Saturday, November 3, 2012

23 Pentecost Proper 26 Yr B Nov 4 2012

I made a decision to move our observance of the Feast of All Saints to next week mostly because so many of us could not be here today, and it seems funny to celebrate a feast that is all about all our relations, when many of our relatives could not be here. We will read the All Saints lessons next week, and because of that, we read this set of lessons today. And what a wonderfully synchronous turn of events. We rarely hear these particular readings because we supplant this day with All Saints. So we are doubly gifted I do believe.

You shall love the Lord your God with all your heart, and with all your soul, and with all your mind, and with all your strength. You shall love your neighbor as yourself. There is no other commandment greater than these. And we spend our entire lives trying to work this out. 

What cannot always be assumed about what you know and therefore what needs to be said is that God loves you, and me, and all of us, completely, abundantly, and absolutely. God has shown and continues to show us this truth as God accompanies us in this life. We know that God accompanies us in this life because the truth of life, in all its suffering and joy, in its pain and pleasure, in its death and resurrection, show us that Love wins.

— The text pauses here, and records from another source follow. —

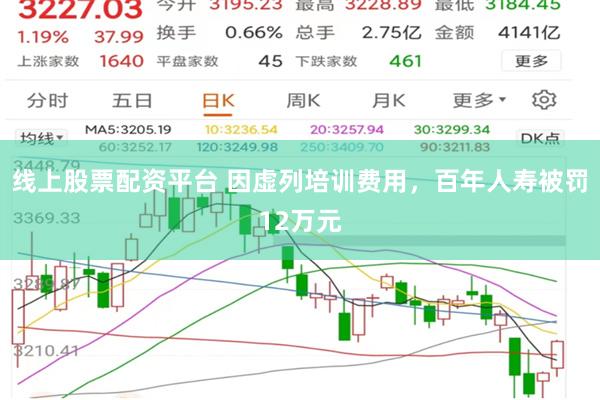 线上股票配资平台 因虚列培训费用，百年人寿被罚12万元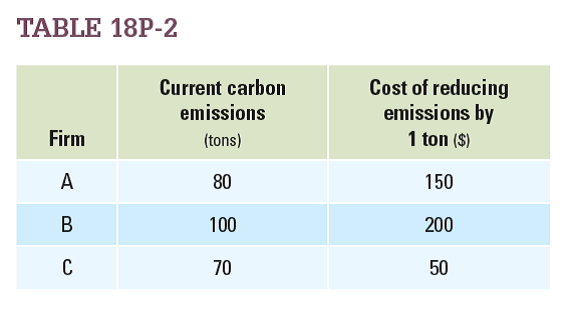 Table 18P-2 shows current carbon emissions and the cost of reducing carbon emissions for three industrial firms. The government introduces a capand- trade policy to regulate carbon emissions. The total cap on emissions is 180 tons of carbon, and each firm receives an initial allocation of tradable permits for 60 tons of carbon emissions. a. Which firm(s) will buy emissions permits? How many will they buy and from whom?  b. What is the minimum amount the selling firm must receive to break even?   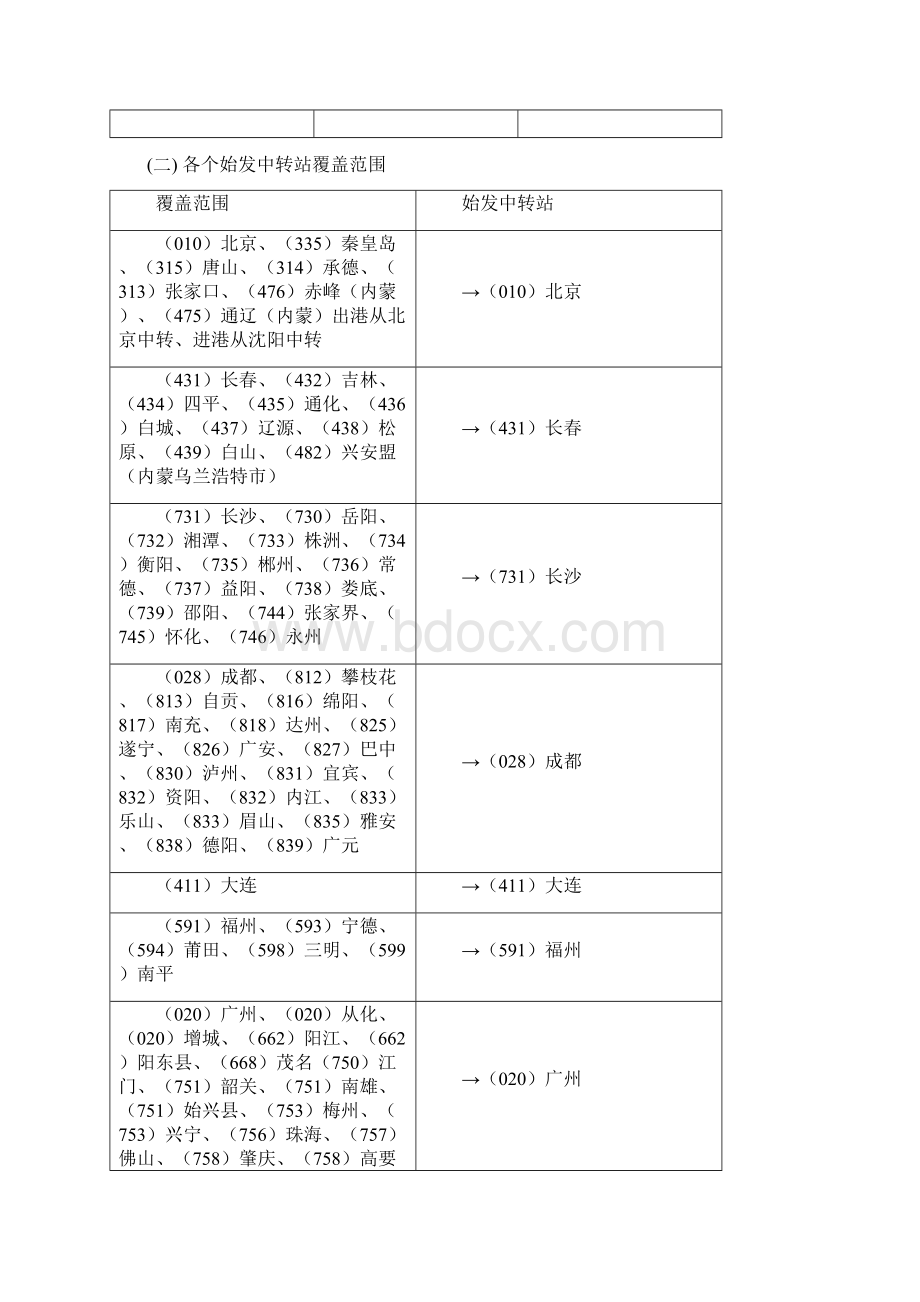 合包操作标准72184535.docx_第2页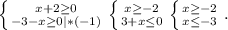 \left \{ {{x+2\geq0 } \atop {-3-x\geq0|*(-1) }} \right. \left \{ {{x\geq-2 } \atop {3+x\leq0 }} \right. \left \{ {{x\geq-2 } \atop {x\leq-3 }} \right. .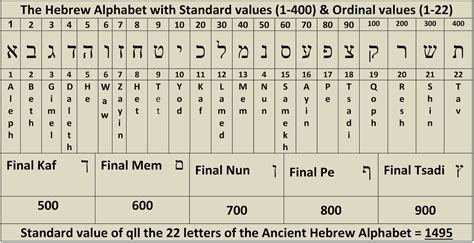 Last Hebrew Letter World Of Reference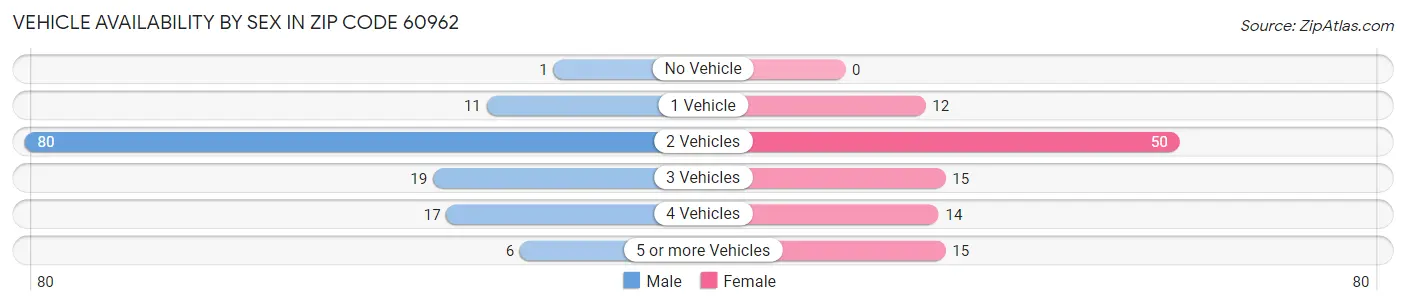 Vehicle Availability by Sex in Zip Code 60962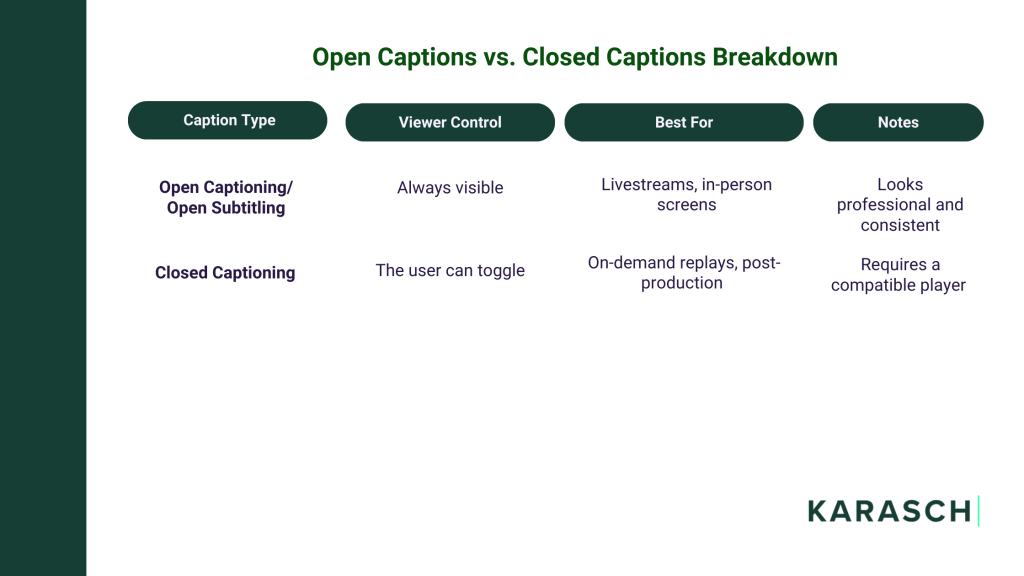 Open vs. Closed Remote Captioning Services Breakdown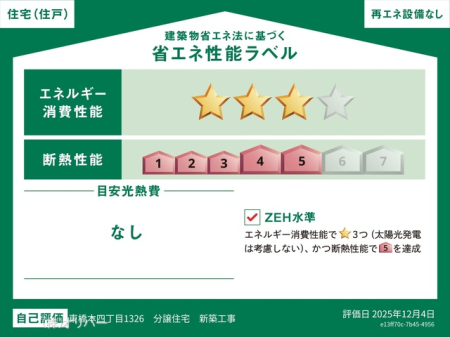 �_�ސ쌧���͌��s�΋擌���{4���ڂ̐V�z��ˌ��Ă̂��̑�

It is that amazing and abundant love that calls us to Love God back. And we love God back by loving our neighbors. In fact, we love our neighbors, especially the ones we don't like, because we believe God is present with them as well. It seems so simple, and yet we spend our entire lives working that out. We spend a lot of time and energy trying to figure out who indeed is our neighbor. Many people spend a lot of time and energy trying to figure out who is excluded from that command. People spend a lot of time and energy speculating as to which people Jesus really intended for us to not love.

Today, we have the example of Ruth. "Turn back, my daughters, go your own way." And Ruth answers, "Where you go, I will go; where you lodge, I will lodge; your people shall be my people, and your God my God." Ruth is an alien in this story, she is in a land and with a people who are not her own. The call to love your neighbor is a call to love the one who is completely different than you, the ultimate other, the epitome of foreign, absolutely alien. 
Ruth is a stranger in a strange land. And yet Ruth is willing to stay in this alien land and love the woman who is the mother of her deceased husband. Sometimes I don't understand the logic of those who are the lectionary choosers, but in this case the pairing of these stories is quite evident. The story of Ruth shows clearly what it means to love your neighbor. In this story, neighbor is not the friendly face over the fence. Neighbor is not folks I like down the street. Neighbor is not the like minded people I gather with for mutual whining about how the system is broken. In the story of Ruth, the one to be loved, the neighbor, looks different, sounds different, and even more earth shattering, believes in a different God altogether.   

We have been hearing from Mark for weeks now these stories of discipleship. Discipleship is about being healed from blindness, it's about seeing with new eyes. Discipleship is about being baptized into the life, death, and resurrection of Jesus. Discipleship is to walk with the poor. Discipleship is to be in relationship with all of God's creation, and to protect the most vulnerable of God's creation. Discipleship is to cast off the idol, to lay down that which is killing you. Discipleship is to live one's life as if God matters. Discipleship is to show forth the truth that Love wins. 

It isn't complicated, but it is mighty difficult. We see the difficulty everywhere we look, we hear the difficulty over and over again. But we know that love unites, love reconciles, love heals. To love one another is to approach every encounter with mercy and compassion. To love one another is to approach every encounter expecting to meet Jesus. To love one another is to expect your own transformation in the encounter. To love one another brings us closer to the kingdom of God. To love one another is to make a truly daring and authentic decision, in the face of uncertainty, in the face of division, in the face of fragmentation, to love one another is to say yes to God's possibility.

We are mistaken about God's love and God's kingdom when we approach the other with the intent to convince them of our rightness. We are mistaken when an agenda of judgement supersedes a posture of grace. We are mistaken when we let ideological difference get in the way of reconciliation and healing. We are mistaken when we believe the kingdom is about a seating chart. We are mistaken when we believe the kingdom is about power. We are mistaken when we embrace exclusion and hate as a way God acts in this world. We are mistaken when we believe perfection has something to do with God's expectation of us. 

To love one another is to want the other's well being as much as or more than your own. To love one another is to be God's agent of healing and wholeness, to be God's agent of resurrection in all places in which we find ourselves. To love one another is to let the brokenness in our hearts reach across all boundaries and meet the brokenness in the other's heart to find some sort of common ground. To love one another is to feed your neighbor, literally. To love one another is look into the eyes of the one across the aisle and to actually see another who is also God's beloved. To love one another is to show the world that division and death are not the final word, indeed, the final word is Love wins.